Peyton (Hilarie Burton) learns from Ellie that she tried to visit her when she was ten and her father hid it from her. Peyton angrily confronts him about this, but he swears it was for her own good. Ellie tells her father that her situation has changed.

Dan (Paul Johansson) has been having blips of memories return from the night of the fire and confronts Karen (Moira Kelly) about who could have tried to kill him, proposing Keith or Andy. Karen tells him to leave her alone and remarks that it's a shame that if someone wanted him dead, they failed.

Lucas spots Ellie in town seemingly making a drug deal. Haley talks to Nathan who didn't tell her he was back and refuses to speak to her, and she tells him he's changed. At the party, Peyton feels depressed as she feels bad for ignoring Ellie and Lucas ends up telling her he saw her making a drug deal, while Haley is sad as she hoped Nathan would show up and he doesn't. Lucas confronts Nathan and says he can hate him, but if he hurts Haley he will hurt him. This causes Nathan to showp up and tell Haley that he doesn't want to hurt her, but he's just not ready to figure out what they are now to each other yet. Lucas tells Brooke, who is messing around, he's the guy for her and one day she will realize it.

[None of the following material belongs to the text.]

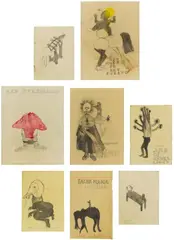 A rey muerto rey puesto. Impossible Mind. Der Pilzmann. Silla. Rabbit sado. Pacha mama y guerrero. Arbol Genealogico. Untitled by Sandra Vásquez de la Horra, 2005-2008, 8 works: pencil (6), pencil and watercolour (1), pencil and pastel (1) on waxed paper. From, sold Jun 2026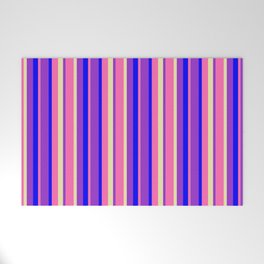 [ Thumbnail: Hot Pink, Pale Goldenrod, Dark Orchid & Blue Colored Stripes Pattern Welcome Mat ]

Peyton confronts Ellie about the drugs. Dan comes to the beach, and seeing Lucas by the bonfire triggers a memory from the night of the fire, in which he remembers Lucas in the dealership.

== Feature music ==
In "From the Edge of the Deep Green Sea" we can hear the songs:
- "Ride" by Faraci
- "Waiting for Sunday" by Michelle FEatherstone
- "In N' Out" by Kingstreet
- "You Light Me Up" by Debby Boone
- "Bela Lugosi's Dead" by Bauhaus
- "We Are All on Drugs" by Weezer
- "Sugar, We're Going Down" by Fall Out Boy
- "When the Stars Go Blue" by Bethany Joy Lenz
- "Move Along" by The All-American Rejects
- "Movin' On" by Mya

== Reception ==

=== Ratings ===
In its original American broadcast, "Like You Like an Arsonist" was watched by 3.12 million viewers.